Segel, who looks like an overgrown adolescent, was perfectly cast. His sheer size leaves him towering over his fellow cast members. Comparably small and skinny, Ed Helms plays Jeff’s brother, Pat, a paint salesman who’s stuck in a dead, passive-aggressive marriage with his wife, Linda (Judy Greer). Then Pat goes and buys a Porsche without her approval, and that’s the last straw. Pat, a crude salesman-type who conducts pseudo-business lunches at Hooters, thinks his brother is a loser too. Even their widowed mother, Sharon (Susan Sarandon), thinks Jeff is a loser. And watching Jeff frump around throughout the entire film in a hoodie, jogging shorts, and greasy, windblown hair, we’re apt to think the same. The story’s momentum takes off when Sharon assigns Jeff a sole task for her birthday: buy some wood glue from Home Depot to fix a broken shutter on the cupboard door. She even leaves him a $5 bill to complete the task.

But when Jeff receives a wrong-number call from someone looking for “Kevin”, he begins to follow signs of anyone named Kevin, hoping that there’s some hidden purpose behind their appearance. Sometimes it has no meaning at all, and other times, there’s a profound reason that he refuses to deny. The film’s funniest moments occur when Jeff’s confidence in these little twists of fate actually works out. There aren’t many guttural laughs in the film, but there’s a pleasantness about the story and in watching Segel lumber through scenes that one cannot dismiss.
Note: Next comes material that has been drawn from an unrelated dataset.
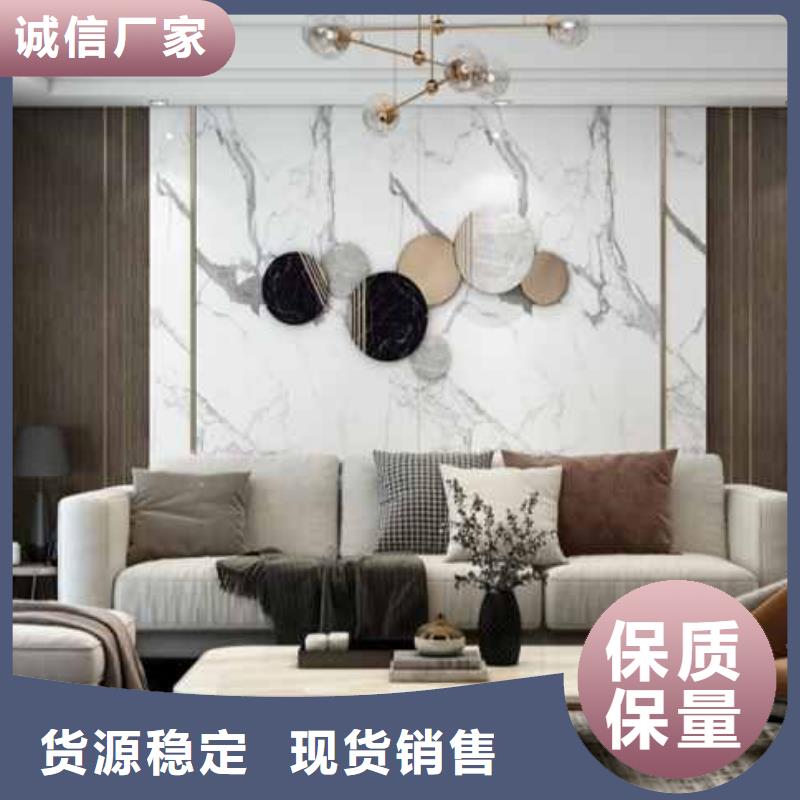 欧式风格护墙板现货直供好产品不怕比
Helms is less affable, playing a company man who’s not particularly caring toward his wife. As she did in The Descendants, Greer shows she holds her own in dramatic scenes as well as comedic ones. Sarandon is charming in a subplot about her character finding romance from within her cubicle walls.

Jeff Who Lives at Home shouldn’t be described as existential, although it bears a conspicuous number of similarities to David O. Russell’s “existential comedy” I Heart Huckabees, which is also about a character searching for meaning in a series of coincidences. And like that film, this one plays out to a happy ending that, for some, might seem profound (if not a little too convenient here). Granted, the Duplass’ dialogue isn’t as brainy as Russell’s, and the presentation lacks much flair outside of the post-Little Miss Sunshine realm, but these are ultimately the same story, complete with an open-minded protagonist whose arch-nemesis is a close-minded company man. Nevertheless, this is the more accessible film, and audiences are bound to fall for Segel’s teddy bear sweetness and the genial way the characters manage to work out their problems.